Prof Wendy Barclay, chair of influenza virology at Imperial College London and co-author of the report, said it was not yet known what level of antibody is needed to protect someone from infection or reinfection with Covid-19, but experiments suggested it could be around the same level as the antibody test’s threshold of detection…
Some have raised the possibility that other components of the immune system might continue to offer protection even if antibodies have waned – such as T-cells, which can kill infected cells, or B memory cells, which can rapidly produce new antibodies. However, the team said it is too soon to know if that is the case, or for how long that protection might last, while it is difficult to measure levels of such T-cells.
“The fact that people get reinfected regularly throughout their lives with seasonal coronaviruses [that cause common colds] suggests that the immunity, whether or not it is antibody mediated and/or T-cell mediated, probably isn’t very long-lasting,” said Barclay, who added that the team suspect the body reacts to infection with the new coronavirus in a similar way….

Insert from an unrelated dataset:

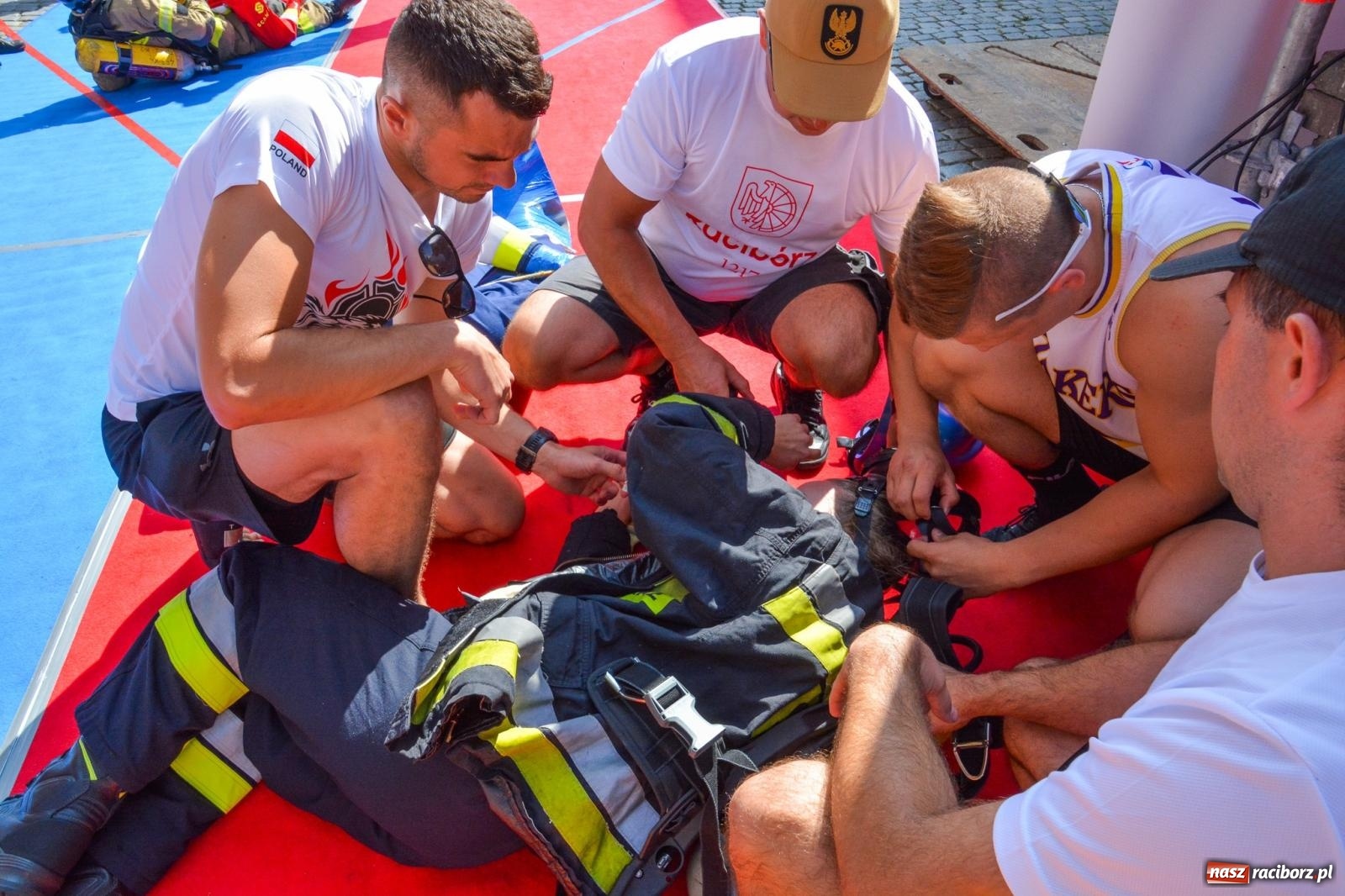 Zdjęcie w galerii na portalu naszraciborz.pl: Toughest Firefighter Racibórz 2024: Siła, wytrzymałość i duch strażackiej rywalizacji na placu Dominikańskim [FOTO i WIDEO] wiadomości z regionu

The team said the lack of reinfections could be because it is difficult to confirm such cases – but it may also be that not enough time has passed for antibody levels to have declined to the point where most people are susceptible to reinfection.
The UK’s Health Minister, Lord James Bethell, called the study a “critical piece of research” that could help inform the British government how to take the right action to control the spread of Covid-19.
“It is also important that everyone knows what this means for them — this study will help in our fight against the virus, but testing positive for antibodies does not mean you are immune to Covid-19,” Bethell said in a news release….
Dr. Claudia Hoyen, who specializes in pediatric infectious diseases at University Hospitals of Cleveland, thought the study was interesting and encouraging, since it suggests that at least where antibodies are concerned, this coronavirus acts like other coronaviruses…
“This study is really like the first piece of the puzzle that actually gives us the indication that, yes, these antibodies don’t seem to stick around for everybody,” Hoyen said. “At least in this case, this virus is sort of acting like we can predict, which is a good thing because everything about this virus has been so off the wall.” Hoyen said the study also “cements the fact that we’re going to be in masks for a while.”…
“I think the sooner we resolve ourselves to the fact that this is what we have to do to get through this, we can accept it and move on. This data clearly shows that your antibodies go away. So just because you have had it once, doesn’t make you’ immune and it also means you can be contagious again.”
Needless to say, this doesn’t change my plans. But I wonder what two years of restricted activities (that looks to be a conservative estimate) is going to produce recreational PTSD. Will I ever feel comfortable in an old-normal bar, or restaurant, or conference?
Needless to say, that’s far from the biggest worry. The press reports tonight on protests in many cities in Italy over the latest round of Covid restrictions. When governments act so that meaningful numbers of people lose income and suffer more burdens (like having to care for kids at home when they were formerly at school) without making concerted efforts to ameliorate a lot of the damage, it should come as no surprise that they don’t want to go along. But the West seems incapable of getting out of its neoliberal underwear.